The author proposes an optimization: move the LIMIT clause into a subquery that only selects the primary‑key IDs, then join the original table on those IDs. The rewritten query SELECT a.* FROM test a INNER JOIN (SELECT id FROM test WHERE val=4 LIMIT 300000,5) b ON a.id=b.id reduces execution time to under 0.5 seconds.
The underlying principle is to avoid the costly "row‑by‑row" random I/O caused by large offsets. By first locating the needed IDs, MySQL performs far fewer index lookups and clustered‑index accesses.

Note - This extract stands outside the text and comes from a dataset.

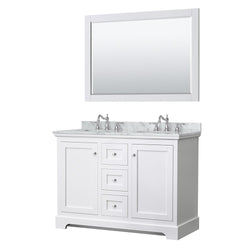 48 Inch Double Bathroom Vanity, White Carrara Marble Countertop, Undermount Square Sinks, No Mirror - Luxe Bathroom Vanities Luxury Bathroom Fixtures Bathroom Furniture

To prove the hypothesis, the author runs experiments measuring InnoDB buffer‑pool page usage. After executing the original slow query, the buffer pool contains thousands of data pages (e.g., 4,098) and hundreds of index pages. After executing the optimized subquery‑join, only five data pages are loaded, confirming the reduction in unnecessary I/O.
The article also discusses how large‑offset queries can pollute the buffer pool, reducing cache efficiency for hot data. It recommends disabling innodb_buffer_pool_dump_at_shutdown and innodb_buffer_pool_load_at_startup to ensure a clean buffer pool on each MySQL restart.
Finally, the author provides a summary of the experiment steps, including restarting MySQL, clearing the buffer pool, and comparing the buffer‑pool statistics before and after each query.